Fim de ano é tempo de limpar todas as coisas ruins que aconteceram ao longo dos 365 dias e projetar bons pensamentos e sonhos a realizar no ano por vir. É tempo também de refletir sobre as coisas que aconteceram, pensar nos equívocos e acertos, agradecer pelas coisas boas e, em teoria, também pedir desculpas pelos erros cometidos no trajeto. Numa pegada bem nesse sentido estreou na Netflix o drama sueco ‘Agradecimento e Desculpas’, uma história comum que convida o espectador à reflexão.
Sara (Sanna Sundqvist) está grávida de 8 meses. Ela é uma mulher comum, mãe de um menino, e, certo dia, é surpreendida por seu marido, Daniél (Mattias Ramos), que pede para dar um tempo na relação e decide dormir sozinho porque precisa pensar. No dia seguinte, depois de dormir na sala, Sara encontra Daniél morto no quarto do casal. Sem saber o que fazer e diante da perspectiva de ter que cuidar de uma criança pequena e estar prestes a dar luz à outra, Sara vai se deixando levar pelos acontecimentos e pelas interferências de sua sogra Helen (Ia Langhammer). Mas é no funeral de seu marido que sua irmã mais velha, Linda (Charlotta Bjorck, que é a cara da Eleven, de ‘Stranger Things’), que se identifica pelo gênero masculino, reaparece em sua vida e aos poucos passa a participar cada vez mais do cotidiano da pequena família, o que causa ciúmes em sua sogra. Dentre o acontecimento trágico do presente e ressentimentos antigos no passado, todos esses personagens repensarão suas vidas antes da nova criança nascer.

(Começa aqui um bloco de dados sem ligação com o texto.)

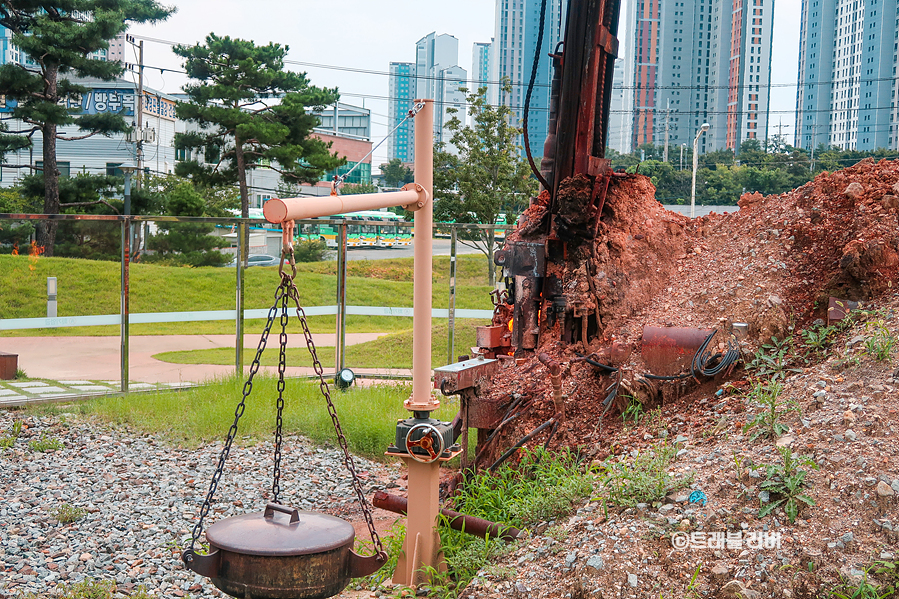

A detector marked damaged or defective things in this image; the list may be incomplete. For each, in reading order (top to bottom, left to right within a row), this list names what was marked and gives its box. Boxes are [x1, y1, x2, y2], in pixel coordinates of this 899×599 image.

Em uma hora e meia de duração, ‘Agradecimento e Desculpas’ é um drama estilo lavando a roupa suja, só que com pitadas de humor – e esse é o melhor acerto do filme. Em vez de carregar nos insultos, na dramaticidade, na intensidade dos eventos, o roteiro de Marie Osterbye propõe a pausa, deixando ao espectador a imaginação de todos os gritos, motivos, explicações, frustrações. Se por um lado isso suaviza o enredo, por outro dá uma sensação de que o filme corre com o freio de mão ativado, sem se permitir transbordar todas as emoções até chegar na catarse final – e, mesmo então, o faz com certa retenção.
Outro ponto interessante do filme de Lisa Aschan é a forma como trata a identificação de gênero, com bastante naturalidade (ponto o qual a tradução brasileira acompanhou, respeitando as escolhas originais e tratando o personagem Linda como tio Linda). A diretora debruça um olhar interessante sobre o cotidiano da protagonista grávida, mostrando-a independente, capaz de se abaixar, de levantar, subir e descer escadas; mesmo que com cuidados, a protagonista gerencia a própria casa permitindo-se uma espécie de luto interno, como que impossibilitada de externar qualquer tipo de sentimento (medo, raiva, tristeza, saudade) diante do turbilhão inacreditável em que sua vida se torna na reta final da gravidez.
‘Agradecimento e Desculpas’ é um filme interessante para assistir nessas últimas horas de 2023. É sobre agradecer e se desculpar, mesmo pelas coisas antigas, mesmo sobre coisas que nem se lembrava de ter ocorrido. Uma mensagem interessante para encerrar bem o ano e chegar em 2024 mais leve.